F for fail on disruptive classrooms report
The Australian Education Union says the interim report of the Senate Inquiry into increasing disruption in Australian school classrooms has failed to capture and address the complex issues that impact on teaching and learning in schools.
Federal president Correna Haythorpe said the report ignores the impact that the deeply entrenched and significant underfunding of billions of dollars every year has on public schools.
“The report frames behaviour as a problem for teachers in a simplistic manner by focussing on student discipline and narrow one size fits all approaches. It fails to address the fundamental issues that can lead to disruption such as the lack of individual support for students, lack of specialist support staff or learning programs and increasingly large class sizes in our schools.
“The report acknowledges that the causes of classroom disruption are complex and multifaceted but ignores the ongoing $6.5 billion shortfall that stops schools from hiring the additional teachers, providing mentors and specialist support required to help teachers address the increasing complexity of student needs.
“Further, the AEU rejects the one-size-fits-all approaches such as explicit instruction methods and changing class-room setups. This will not fix the huge funding hole that public schools have been dealing with for over a decade, nor should politicians be telling teachers how to teach.
“Highly effective teachers use a range of teaching strategies to engage and challenge students, meet their learning needs and assess and monitor their progress. The priority should be delivering the resources, time and support that teachers need to meet the individual needs of each student rather than retrograde changes that de-skill teachers and attempt to standardise teaching and learning. That is a recipe for worsening behaviour not improving it.
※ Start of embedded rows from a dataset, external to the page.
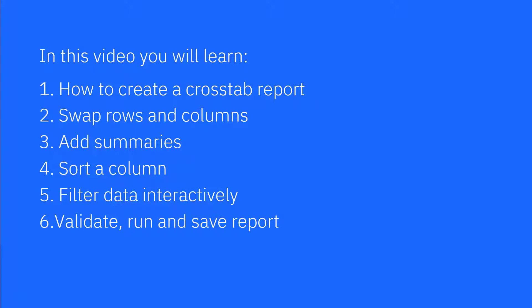In this video, you will learn how to create a crosstab report, swap rows and columns, add summaries, sort a column, filter data interactively, and validate, run, and save the report.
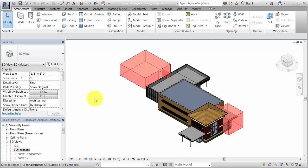Before performing an energy analysis, you need to create an energy model. An energy model can be created from a model that includes both building elements and conceptual masses.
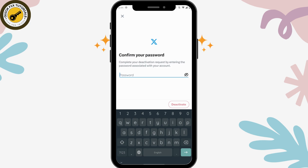After deactivating, your account will not be visible to anyone. You have to not log back in within a period of 30 days. If you don't log back in within 30 days, your account will be permanently deleted. That's the only way to delete your account permanently. If you have any questions, feel free to comment below. Thanks for watching.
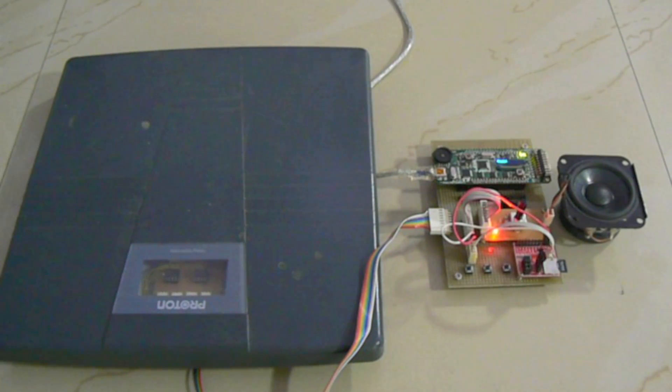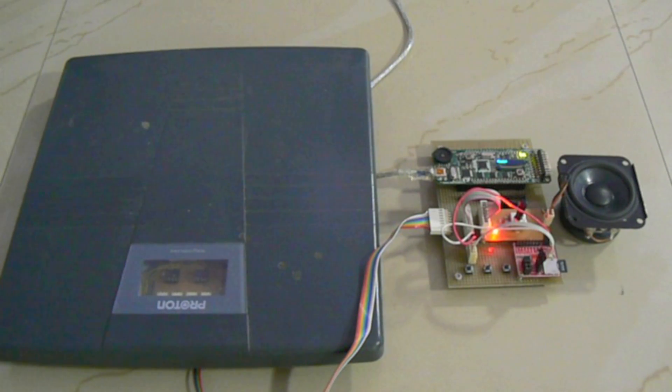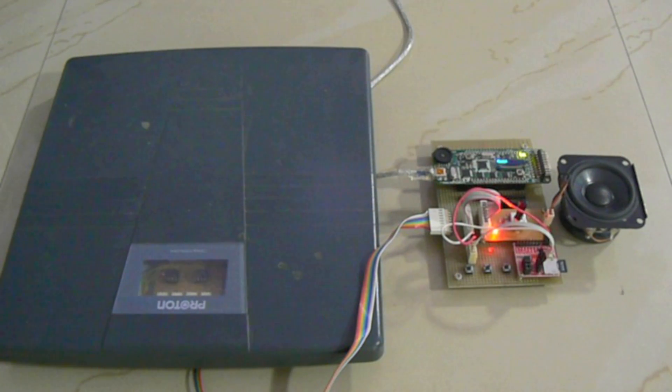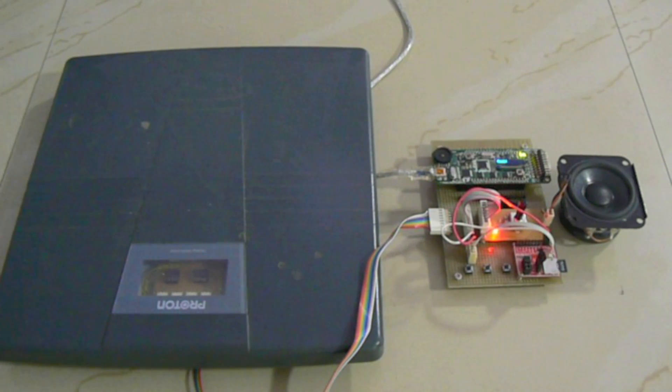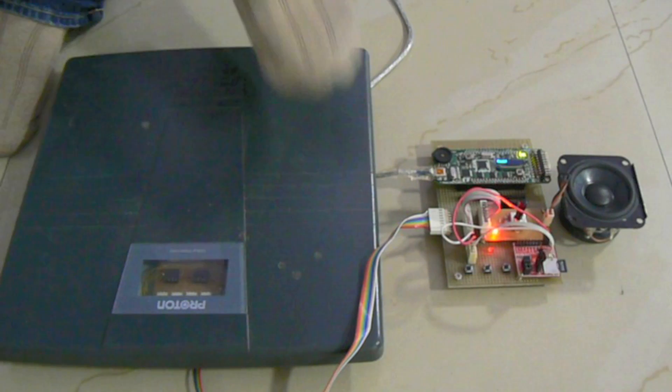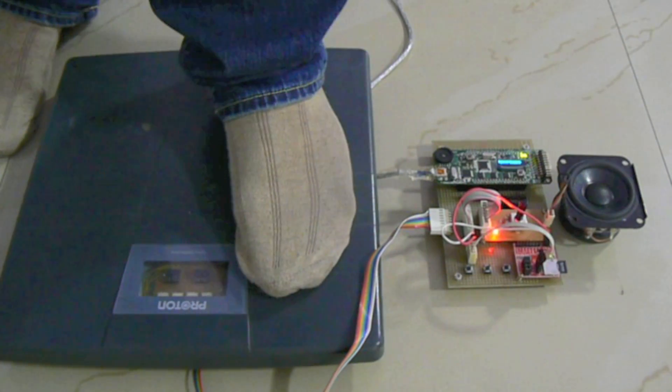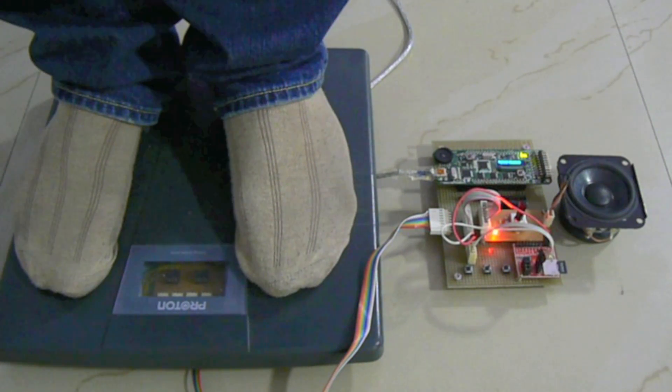Now we will show you a demo of the working prototype. With the weighing scale bus connected, when the device is powered on, the language selected by default is English. The user then stands on the weighing scale to take his weight reading. After a couple of moments, the reading is sensed by the microcontroller unit and sent to the audio circuitry for readout.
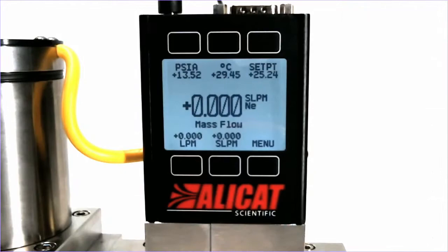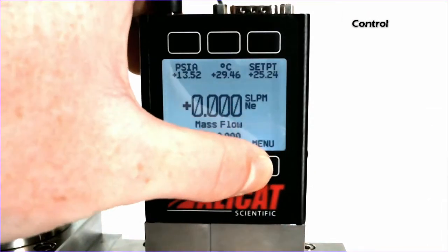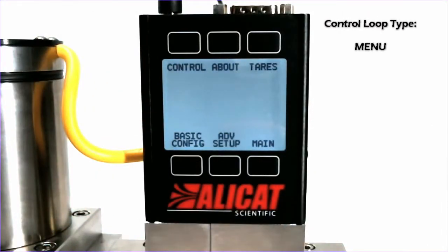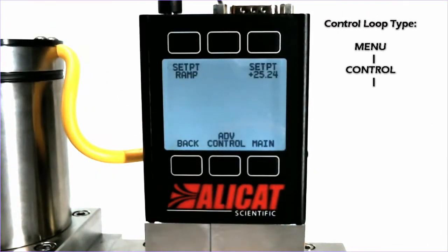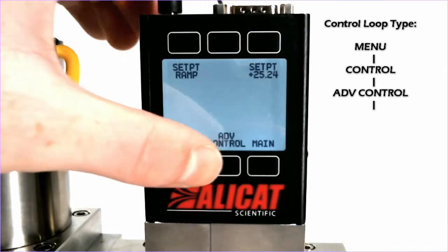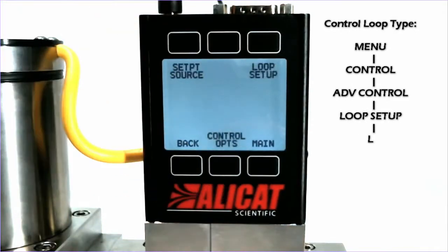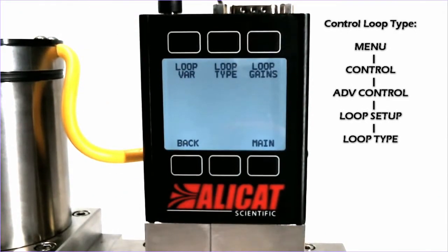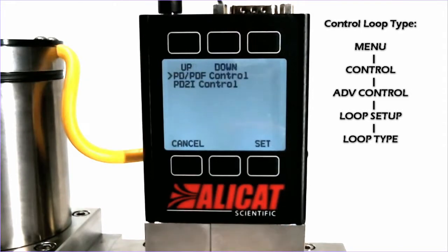In order to adjust the PID tuning, we will hit Menu, Control, Advanced Control, Loop Setup, and first we will look at the loop type.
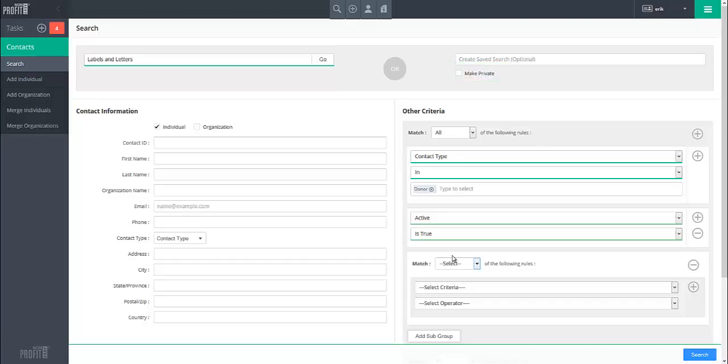When you are ready to run your search, click on the Search button in the lower right, and all contacts that match your search will be displayed.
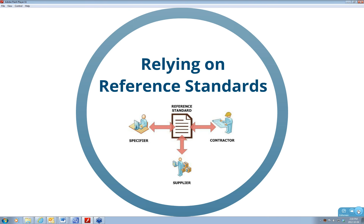Today we want to talk about relying on reference standards. Of course there are the four basic types of specifying and reference standards are one of them. This diagram attempts to show how standalone documents published by others allow the specifier to draw on them, the supplier to match them, and the contractor to have assurance they're providing what is desired. It's a shortcut—a means of specifying sometimes very complex things that makes it a lot easier.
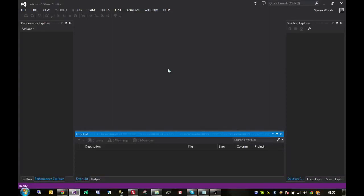Hi guys, Steve Woods here. In this video, we're just going to go through creating a simple console application to retrieve our external IP address from a web service. So, without further ado, let's just jump into the code.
“The report cites figures that show public schools do not have the funds to support all students with disabilities but fails to propose an increase in funds that might help address this.
“The teaching profession has identified what is needed - more teachers with more time to support students, more specialist support staff to help students with complex needs and smaller class sizes, that is what will positively impact classroom behaviour and improve learning.
“Public schools cater for the vast majority of students from disadvantaged backgrounds and yet public schools are denied the minimum level of funding needed to address this disadvantage.
“Only 1.3% of public schools are funded at the Schooling Resource Standard – the minimum amount governments agreed a decade ago was necessary to meet the needs of all students.
“Principals, teachers and education support personnel are delivering a great education for students in Australia’s public schools, but they are being asked to do too much with too little. Governments must provide the teaching profession with the essential resources and optimal learning environments required to deliver a high-quality education for all.”